Variable declaration:
SELECT
MYFILE ASSIGN MYFILE
ACCESS SEQUENTIAL
STATUS IS XZ-STATUS6.
===
OPEN INPUT MYFILE
===
READ MYFILE NEXT AT END MOVE 1 TO ZFIN-F3
You may want to have a look at this link, which includes some info which may apply in your case. Some of the info included there:
If you have a file status data-item defined for a file, then after every input/output operation on the file (OPEN, CLOSE, READ, WRITE, REWRITE, START and DELETE) the run-time system updates it to indicate how the operation completed.
Defining a file status data-item is optional. If a file status data-item is not declared and a serious file error occurs, the COBOL run-time system displays an error message and aborts your program.

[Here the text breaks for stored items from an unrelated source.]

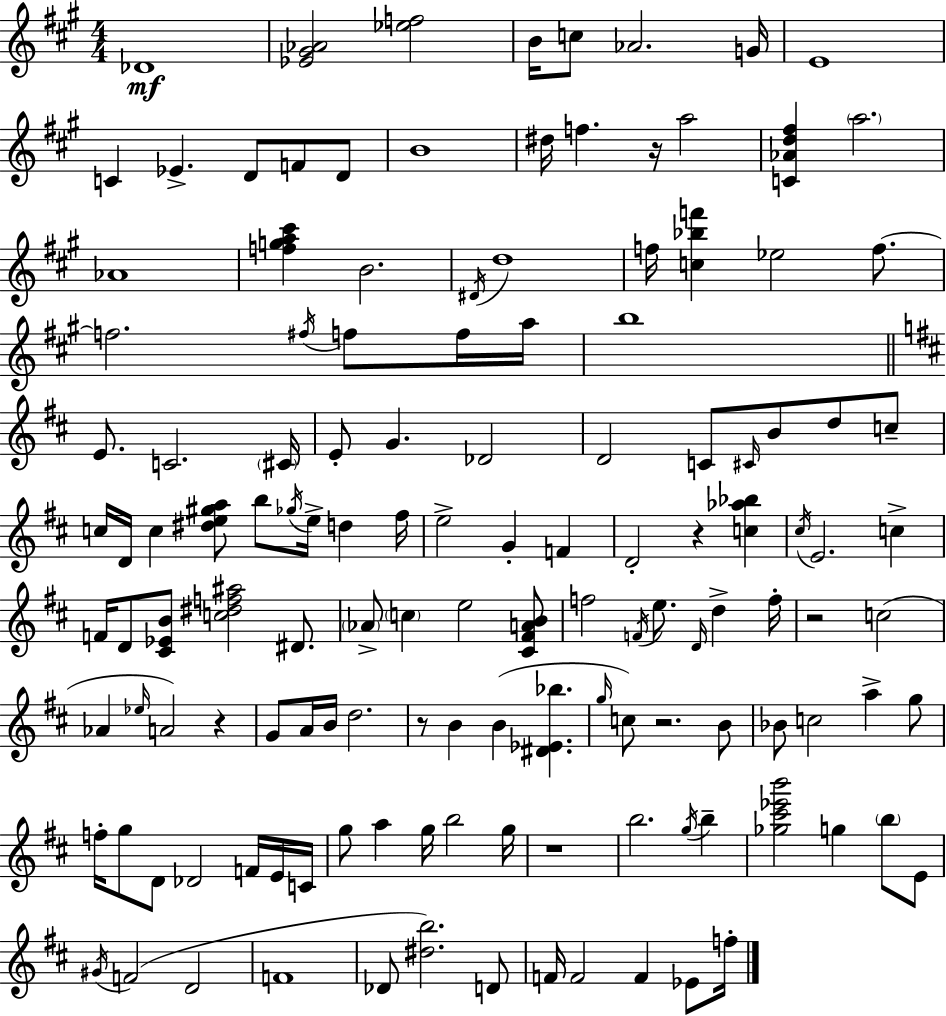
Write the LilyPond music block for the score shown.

{
  \clef treble
  \numericTimeSignature
  \time 4/4
  \key a \major
  des'1\mf | <ees' gis' aes'>2 <ees'' f''>2 | b'16 c''8 aes'2. g'16 | e'1 | \break c'4 ees'4.-> d'8 f'8 d'8 | b'1 | dis''16 f''4. r16 a''2 | <c' aes' d'' fis''>4 \parenthesize a''2. | \break aes'1 | <f'' g'' a'' cis'''>4 b'2. | \acciaccatura { dis'16 } d''1 | f''16 <c'' bes'' f'''>4 ees''2 f''8.~~ | \break f''2. \acciaccatura { fis''16 } f''8 | f''16 a''16 b''1 | \bar "||" \break \key d \major e'8. c'2. \parenthesize cis'16 | e'8-. g'4. des'2 | d'2 c'8 \grace { cis'16 } b'8 d''8 c''8-- | c''16 d'16 c''4 <dis'' e'' gis'' a''>8 b''8 \acciaccatura { ges''16 } e''16-> d''4 | \break fis''16 e''2-> g'4-. f'4 | d'2-. r4 <c'' aes'' bes''>4 | \acciaccatura { cis''16 } e'2. c''4-> | f'16 d'8 <cis' ees' b'>8 <c'' dis'' f'' ais''>2 | \break dis'8. \parenthesize aes'8-> \parenthesize c''4 e''2 | <cis' fis' a' b'>8 f''2 \acciaccatura { f'16 } e''8. \grace { d'16 } | d''4-> f''16-. r2 c''2( | aes'4 \grace { ees''16 }) a'2 | \break r4 g'8 a'16 b'16 d''2. | r8 b'4 b'4( | <dis' ees' bes''>4. \grace { g''16 } c''8) r2. | b'8 bes'8 c''2 | \break a''4-> g''8 f''16-. g''8 d'8 des'2 | f'16 e'16 c'16 g''8 a''4 g''16 b''2 | g''16 r1 | b''2. | \break \acciaccatura { g''16 } b''4-- <ges'' cis''' ees''' b'''>2 | g''4 \parenthesize b''8 e'8 \acciaccatura { gis'16 }( f'2 | d'2 f'1 | des'8 <dis'' b''>2.) | \break d'8 f'16 f'2 | f'4 ees'8 f''16-. \bar "|."
}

You should check the file status data-item after each input/output operation, to see if the operation completed successfully.
File status is a two-byte code. If the first byte of the file status data-item contains value 9, it indicates a COBOL run-time system error. In that case, the second byte is a binary field containing an error code.

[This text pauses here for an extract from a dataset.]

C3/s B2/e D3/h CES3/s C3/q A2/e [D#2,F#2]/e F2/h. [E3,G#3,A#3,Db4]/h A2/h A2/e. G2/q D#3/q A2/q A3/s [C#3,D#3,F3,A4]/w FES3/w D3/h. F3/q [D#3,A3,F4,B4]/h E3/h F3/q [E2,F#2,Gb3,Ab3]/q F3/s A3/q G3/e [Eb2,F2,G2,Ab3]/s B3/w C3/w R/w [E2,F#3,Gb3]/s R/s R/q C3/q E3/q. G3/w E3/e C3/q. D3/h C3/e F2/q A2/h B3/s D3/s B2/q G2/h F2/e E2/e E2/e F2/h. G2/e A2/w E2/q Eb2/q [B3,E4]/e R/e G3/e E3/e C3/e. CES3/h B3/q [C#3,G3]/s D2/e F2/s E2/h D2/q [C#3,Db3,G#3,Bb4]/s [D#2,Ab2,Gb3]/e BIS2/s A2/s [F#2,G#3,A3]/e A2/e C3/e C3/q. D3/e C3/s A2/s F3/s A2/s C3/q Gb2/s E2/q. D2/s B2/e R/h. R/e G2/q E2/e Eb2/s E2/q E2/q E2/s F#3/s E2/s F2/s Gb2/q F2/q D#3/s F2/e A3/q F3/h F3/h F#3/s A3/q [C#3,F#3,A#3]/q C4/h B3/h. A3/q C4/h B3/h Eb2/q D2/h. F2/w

Example code (ws-file-status corresponds to your XZ-STATUS6)
...
working-storage section.
01 ws-file-status.
05 status-key-1 pic x.
05 status-key-2 pic x.
05 binary-status redefines status-key-2 pic 99 comp-x.
...
...
procedure division.
...
perform check-status.
...
check-status.
evaluate status-key-1
when "0" next sentence
when "1" display "end of file reached"
...
when "9" display "run-time-system error"
perform check-mf-error-message
end-evaluate.
...
check-mf-error-message.
evaluate binary-status
when 002 display "file not open"
when 007 display "disk space exhausted"
when 013 display "file not found"
when 024 display "disk error "
when 065 display "file locked "
when 068 display "record locked "
when 039 display "record inconsistent"
when 146 display "no current record "
when 180 display "file malformed "
when 208 display "network error "
when 213 display "too many locks "
when other display "not error status "
display binary-status
end-evaluate.
Note sure if your (bizarre) value Â
will correspond with any of the listed values for binary-status
(within check-mf-error-message
), but at least it should help find out how to correctly display your actual file status code.